Aim of the task: All of the data, word for word and free of pictures, is the expected result.

Dataset section:
= = = = =

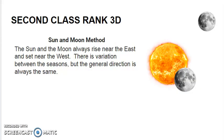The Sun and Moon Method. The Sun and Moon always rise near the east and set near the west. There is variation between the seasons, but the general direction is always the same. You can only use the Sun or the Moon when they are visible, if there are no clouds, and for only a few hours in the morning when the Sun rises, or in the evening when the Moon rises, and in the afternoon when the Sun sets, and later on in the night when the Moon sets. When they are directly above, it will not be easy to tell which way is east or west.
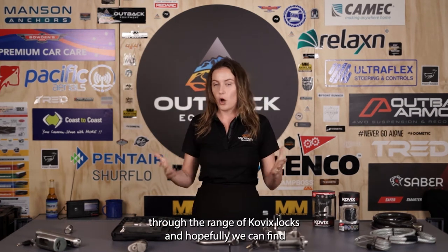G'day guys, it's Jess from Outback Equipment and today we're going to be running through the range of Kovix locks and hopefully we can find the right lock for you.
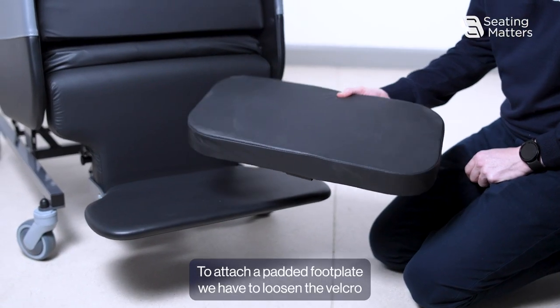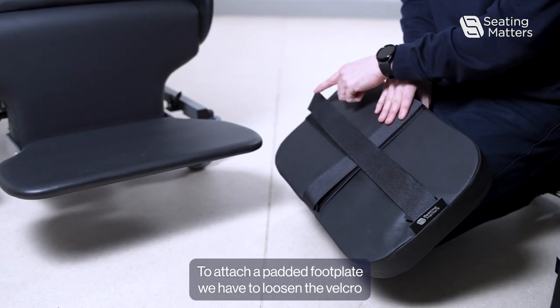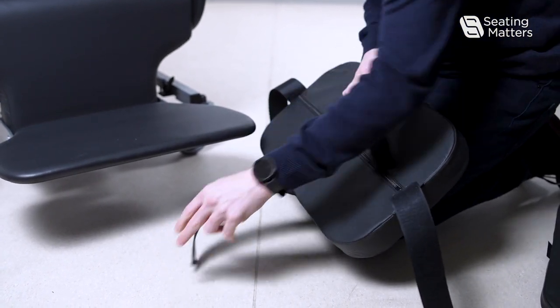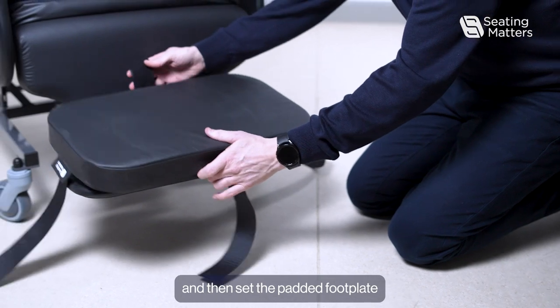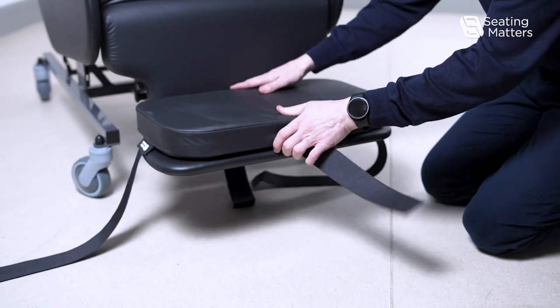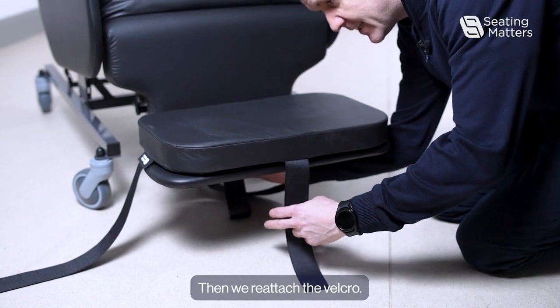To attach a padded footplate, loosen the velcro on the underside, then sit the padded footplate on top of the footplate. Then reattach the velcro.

= = = = =

Exercise output:
The Sun and Moon Method. The Sun and Moon always rise near the east and set near the west. There is variation between the seasons, but the general direction is always the same. You can only use the Sun or the Moon when they are visible, if there are no clouds, and for only a few hours in the morning when the Sun rises, or in the evening when the Moon rises, and in the afternoon when the Sun sets, and later on in the night when the Moon sets. When they are directly above, it will not be easy to tell which way is east or west.
G'day guys, it's Jess from Outback Equipment and today we're going to be running through the range of Kovix locks and hopefully we can find the right lock for you.
To attach a padded footplate, loosen the velcro on the underside, then sit the padded footplate on top of the footplate. Then reattach the velcro.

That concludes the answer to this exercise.